幼い頃から、ぬいぐるみをつくったり刺繍をしたりはしていましたが、特に手芸が好きだと思っていたわけでもなく、胸を張って「これが得意です」とか「これが好きです」と言えるようなものはありませんでした。一変したのは、中学3年生の夏休み。先生の勧めで浴衣をつくったときのことです。いままでの手芸作品よりもずっと大きなものを完成させることができ、その達成感から「自分のやりたいことはこれだ!」とひらめいたのです。そのときから、服をつくる仕事に就くことが私の夢になりました。

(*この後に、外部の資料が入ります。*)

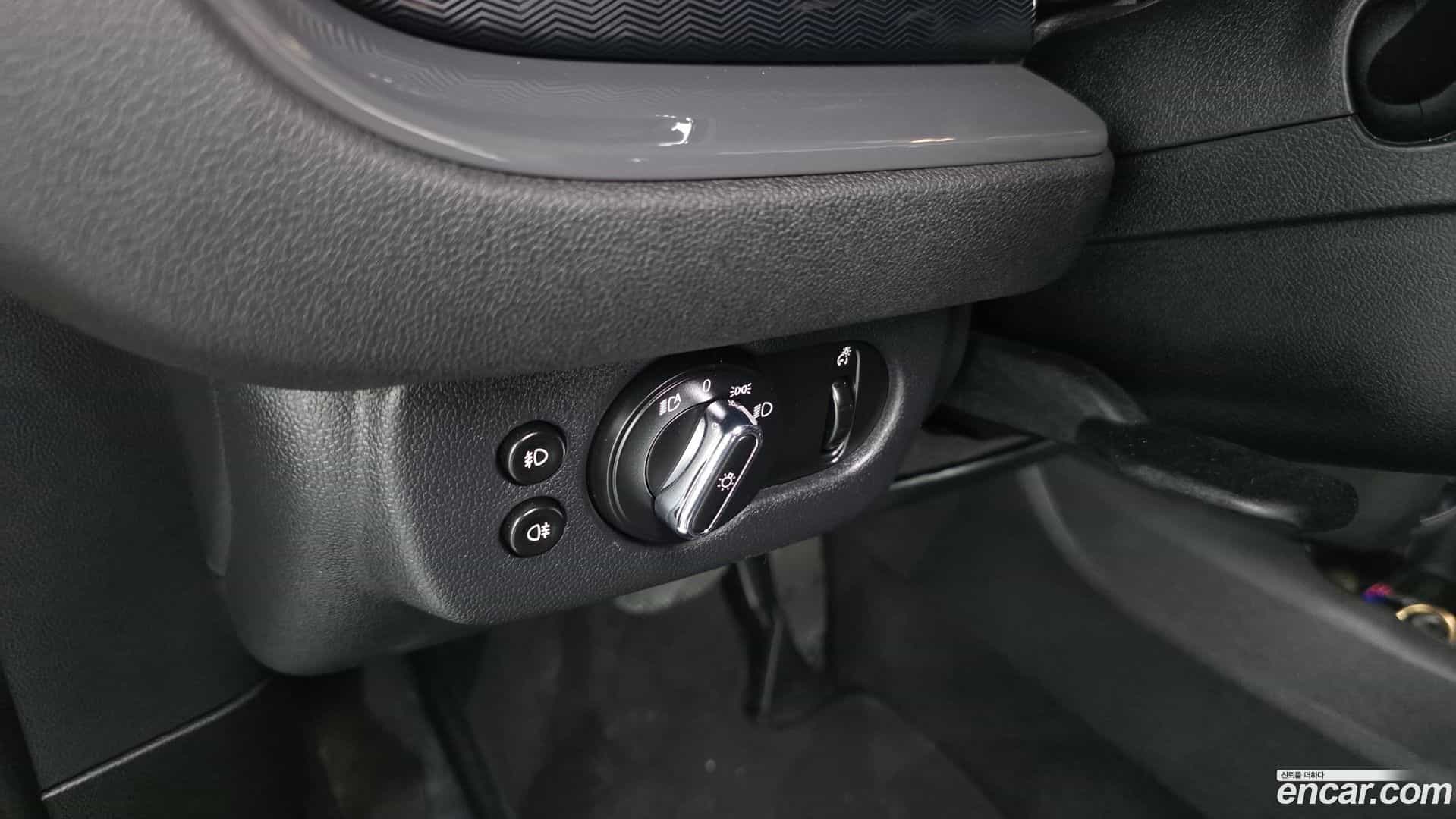 Clubman Mini 2019.2-OPTION-040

学生時代は、自分がデザインした服を多くの人に見てもらい、認めてもらいたいという気持ちがあり学外のコンテストに積極的に応募していました。1年生のときに「日暮里ファッションデザインコンテスト」で賞をいただき、それからはもっとクリエーティブな服をめざすようになりました。そのなかで、私が再現の難しそうなデザインをつくりたいと言ったとき、先生方が「どうしたらつくれるか、どうしたらいい作品になるか」と、親身になって一緒に考えてくれたり的確なアドバイスをくださったことが心に残っています。学生時代に基本的な技術から応用的なテクニックまでしっかり身につけることができ、それがいまの仕事にも活かされています。

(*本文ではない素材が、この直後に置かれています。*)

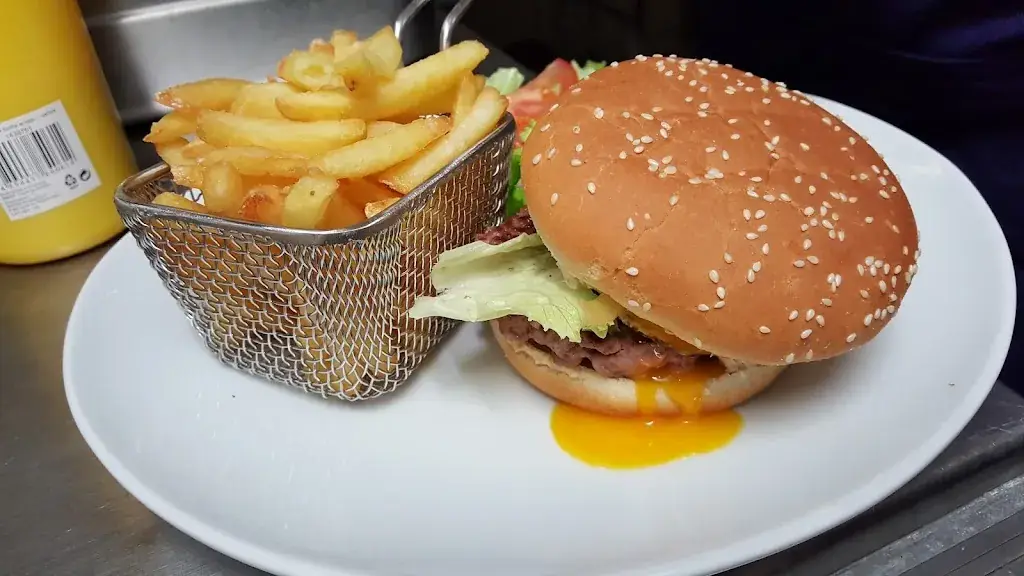 Menu_Le Courbet_Hermanville-sur-Mer_image_6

アツシナカシマ勤務/テクニカルクリエーション科 卒/2022年卒/中学3年生のときにファッション業界へ進むことを決め、2019年4月、名古屋ファッション専門学校のファッションマスター科(現:テクニカルクリエーション科 2021年4月名称変更)に入学。在学中の2019年「日暮里ファッションデザインコンテスト」で受賞したのを皮切りに、2021年も「日暮里ファッションデザインコンテスト」で入賞、さらに学内の卒業制作ファッションショー「NFFF2022」では、YKK部門グランプリ受賞とコレクション部門奨励賞をダブル受賞するなど、受賞歴多数。卒業後は、ミラノ・コレクションにも出品しているATSUSHI NAKASHIMAのアトリエに入社。